**WHAT YOU ARE ASKED TO DO**
Word for word, restate the lines of the data below between those holding "Vodní pumpa +" and "NASync DXP2800 |", inclusive; pictures do not belong in the copy.

**DATASET EXTRACT**
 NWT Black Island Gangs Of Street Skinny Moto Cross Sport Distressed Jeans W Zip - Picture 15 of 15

---

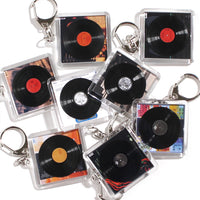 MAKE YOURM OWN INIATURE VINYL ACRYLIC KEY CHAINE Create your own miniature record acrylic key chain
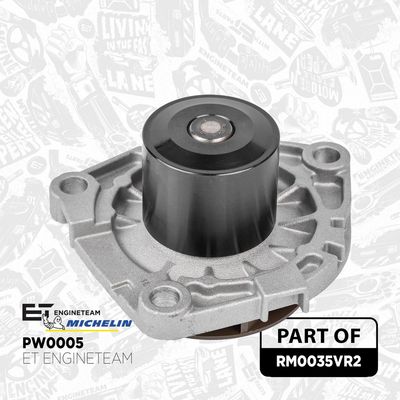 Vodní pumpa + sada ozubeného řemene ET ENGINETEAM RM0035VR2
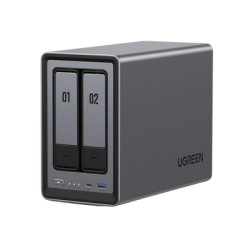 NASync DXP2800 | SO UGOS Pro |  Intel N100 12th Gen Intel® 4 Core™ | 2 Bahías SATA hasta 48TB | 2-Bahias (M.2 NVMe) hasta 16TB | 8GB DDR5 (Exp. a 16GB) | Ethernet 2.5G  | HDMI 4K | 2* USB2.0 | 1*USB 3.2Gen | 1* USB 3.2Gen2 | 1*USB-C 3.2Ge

==

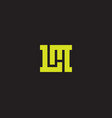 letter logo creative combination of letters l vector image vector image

**SOLUTION FOR THIS EXERCISE**
 Vodní pumpa + sada ozubeného řemene ET ENGINETEAM RM0035VR2
 NASync DXP2800 | SO UGOS Pro |  Intel N100 12th Gen Intel® 4 Core™ | 2 Bahías SATA hasta 48TB | 2-Bahias (M.2 NVMe) hasta 16TB | 8GB DDR5 (Exp. a 16GB) | Ethernet 2.5G  | HDMI 4K | 2* USB2.0 | 1*USB 3.2Gen | 1* USB 3.2Gen2 | 1*USB-C 3.2Ge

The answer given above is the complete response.